• **Dataset records**:
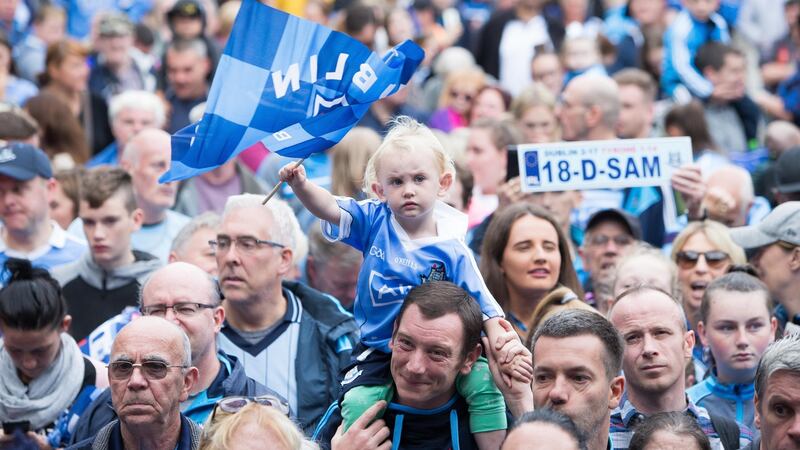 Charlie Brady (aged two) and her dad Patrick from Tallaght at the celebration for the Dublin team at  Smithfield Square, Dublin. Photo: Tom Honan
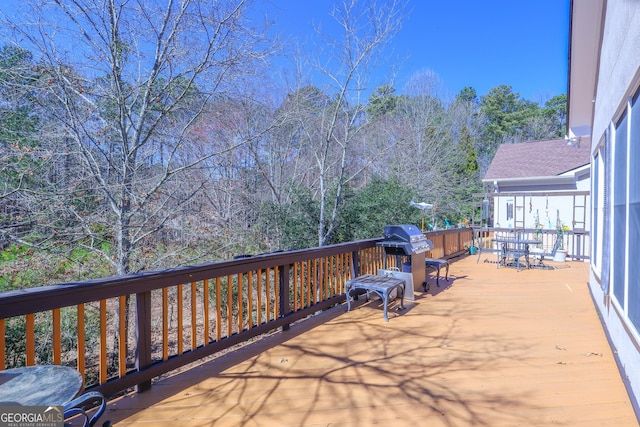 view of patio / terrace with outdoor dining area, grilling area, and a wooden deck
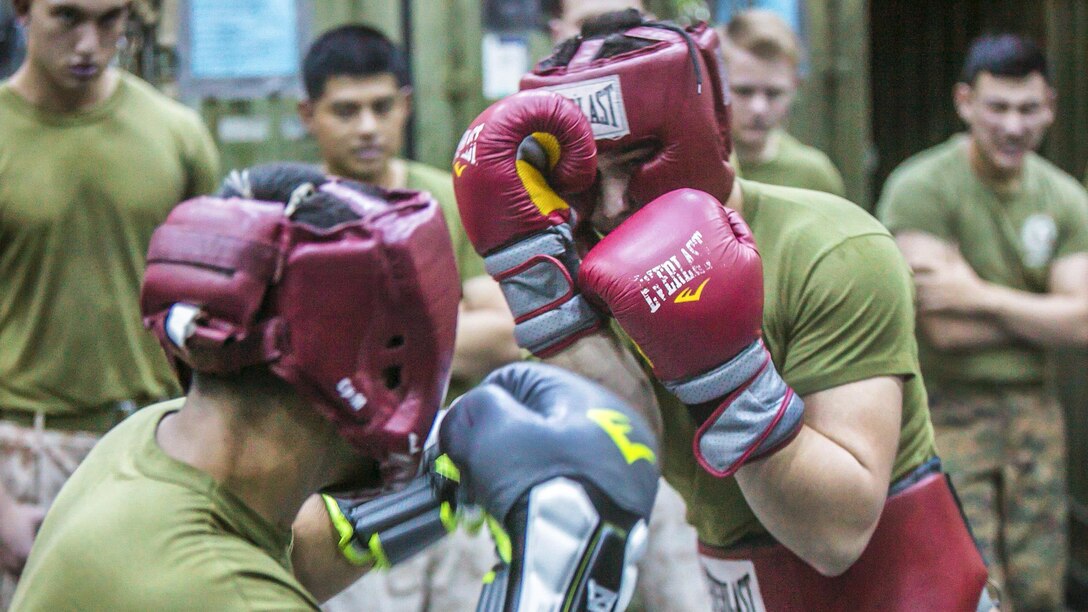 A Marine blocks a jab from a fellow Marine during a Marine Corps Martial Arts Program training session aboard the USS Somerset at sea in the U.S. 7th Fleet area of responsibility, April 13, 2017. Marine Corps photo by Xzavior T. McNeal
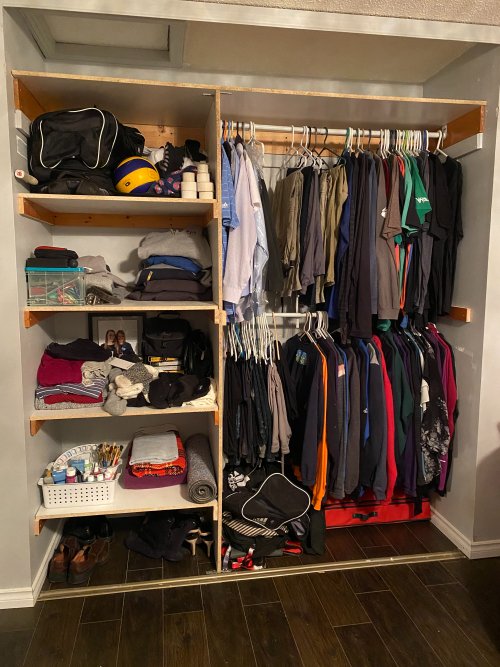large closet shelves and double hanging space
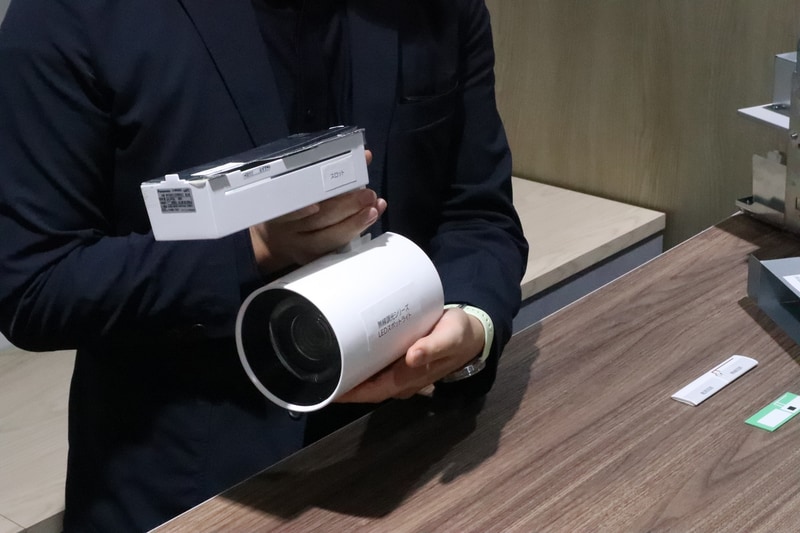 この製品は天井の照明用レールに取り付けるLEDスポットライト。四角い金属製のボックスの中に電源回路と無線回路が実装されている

---

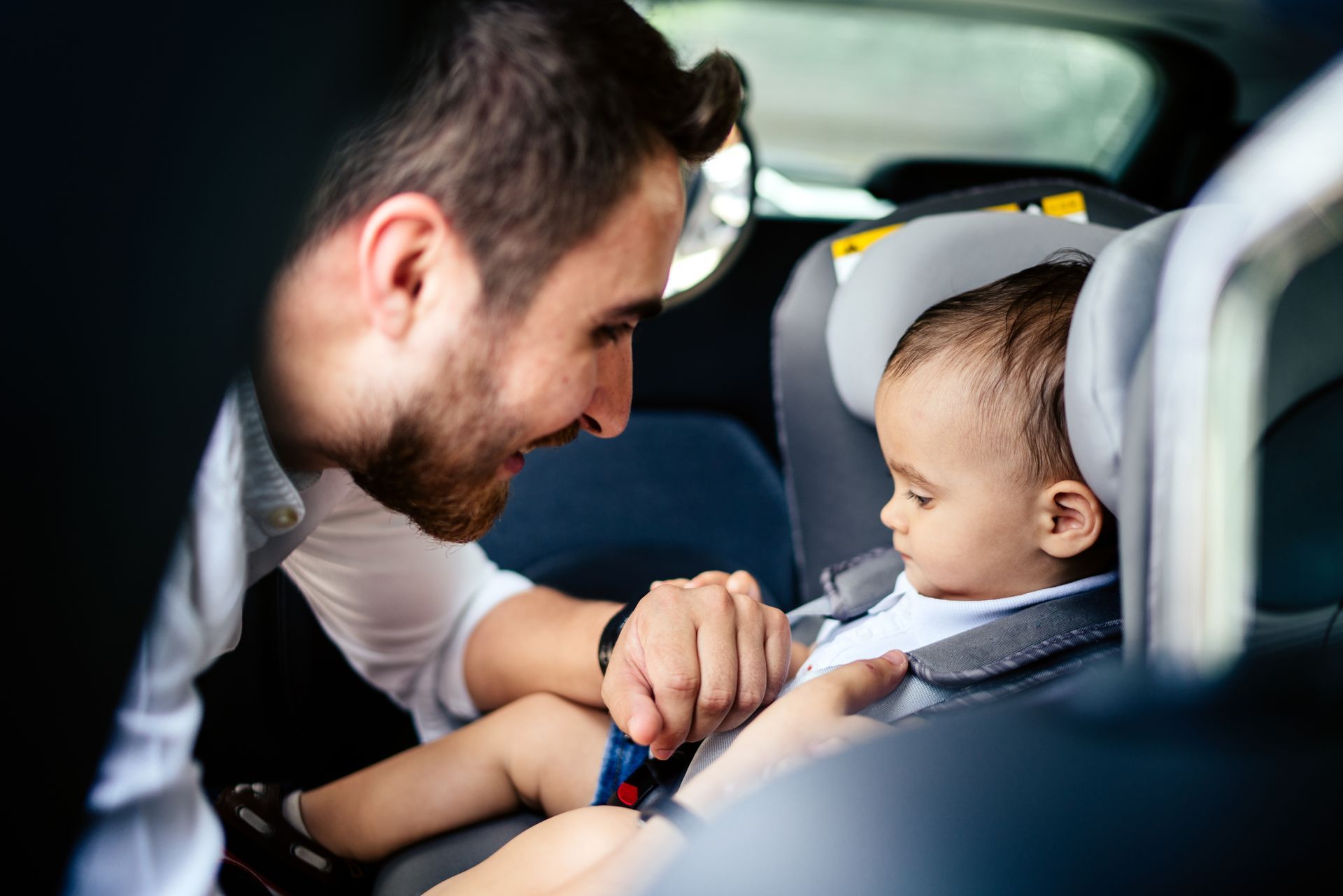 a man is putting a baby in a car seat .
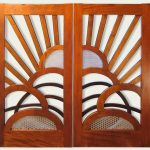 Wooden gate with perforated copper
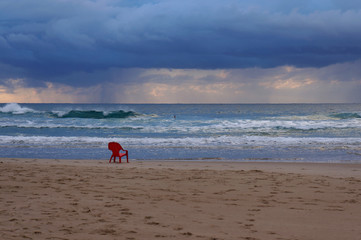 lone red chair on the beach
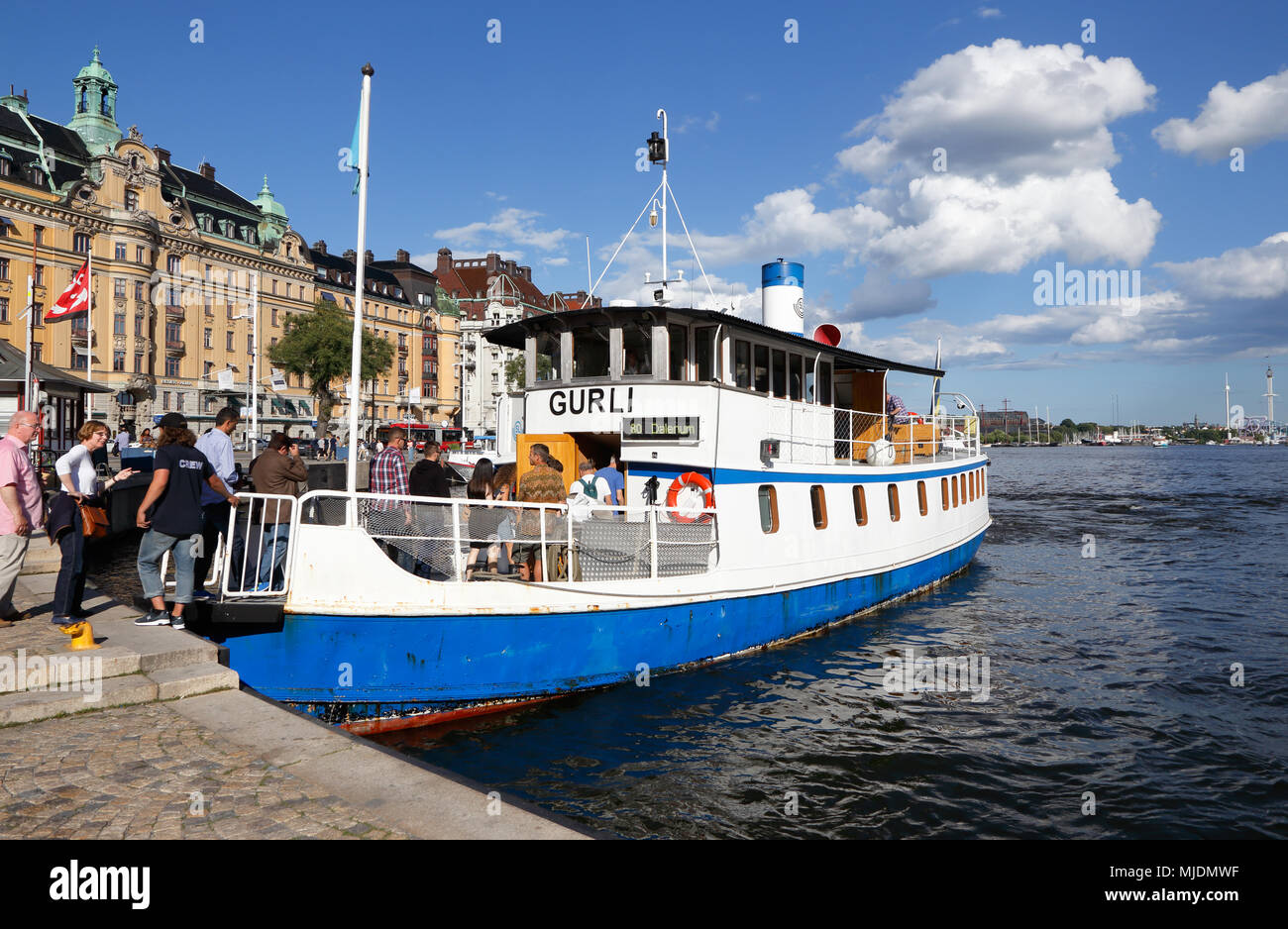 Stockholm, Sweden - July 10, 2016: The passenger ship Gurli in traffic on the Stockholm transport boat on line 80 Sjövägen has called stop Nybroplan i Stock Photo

• **Problem to solve**:
Exercise for the records above: copy only the lines from the one with "large closet shelves and double hanging space" to the one with "この製品は天井の照明用レール", both ends kept, and drop the pictures.

• **Answer to this problem**:
large closet shelves and double hanging space
 この製品は天井の照明用レールに取り付けるLEDスポットライト。四角い金属製のボックスの中に電源回路と無線回路が実装されている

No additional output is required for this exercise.